| Materials provided |
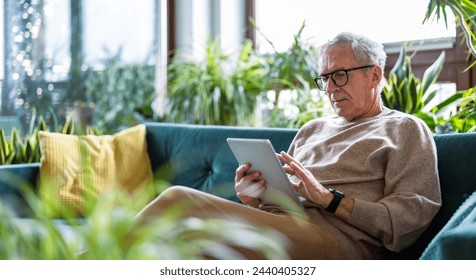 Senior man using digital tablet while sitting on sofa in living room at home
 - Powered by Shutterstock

---

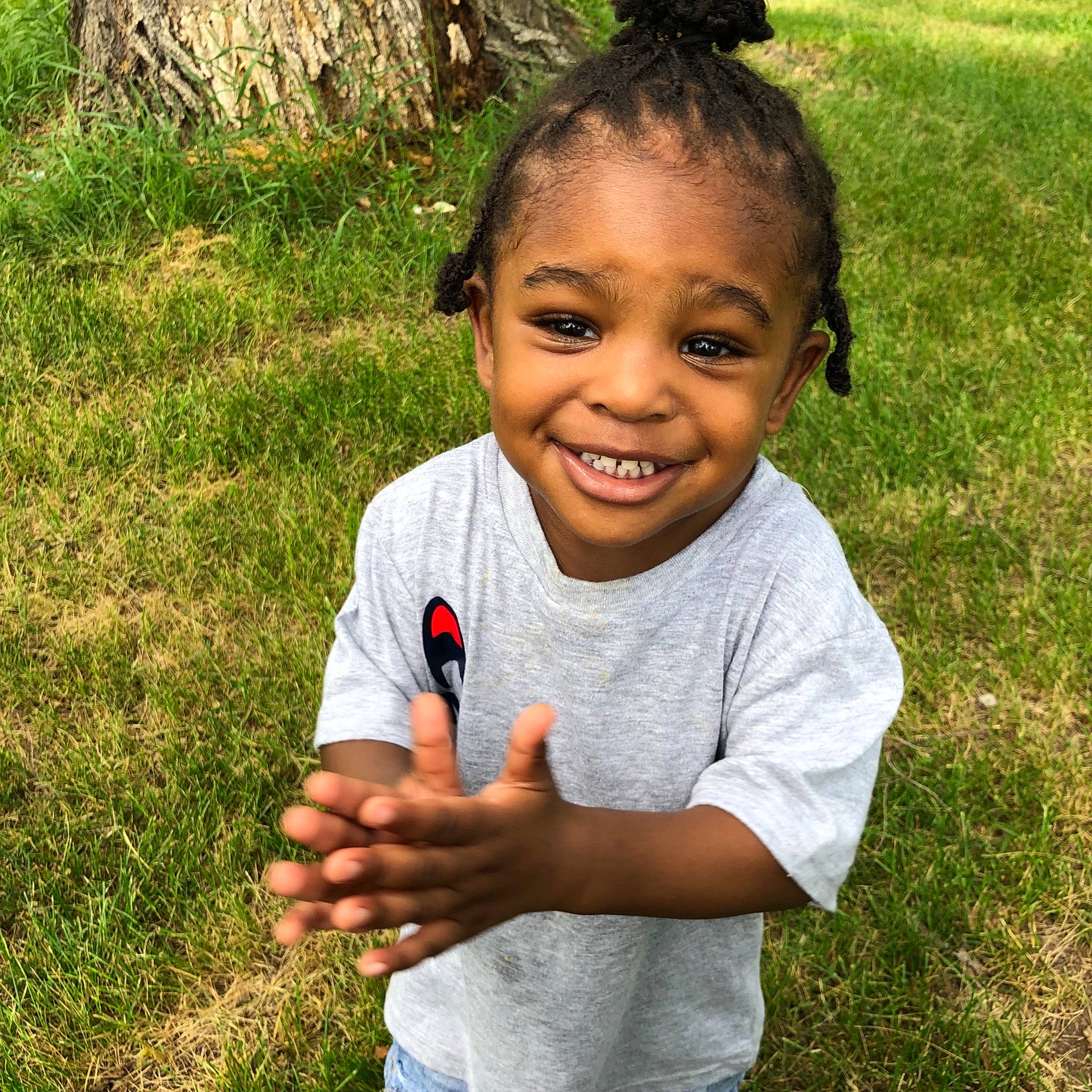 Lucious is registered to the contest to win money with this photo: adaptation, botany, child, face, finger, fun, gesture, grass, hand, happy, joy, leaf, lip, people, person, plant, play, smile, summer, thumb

| Required action |
Copy the entries above exactly, but only the stretch from the line containing "Senior man using" through the line containing "- Powered by Shutterstock". Keep both end lines; drop the pictures.

| Output of the exercise |
 Senior man using digital tablet while sitting on sofa in living room at home
 - Powered by Shutterstock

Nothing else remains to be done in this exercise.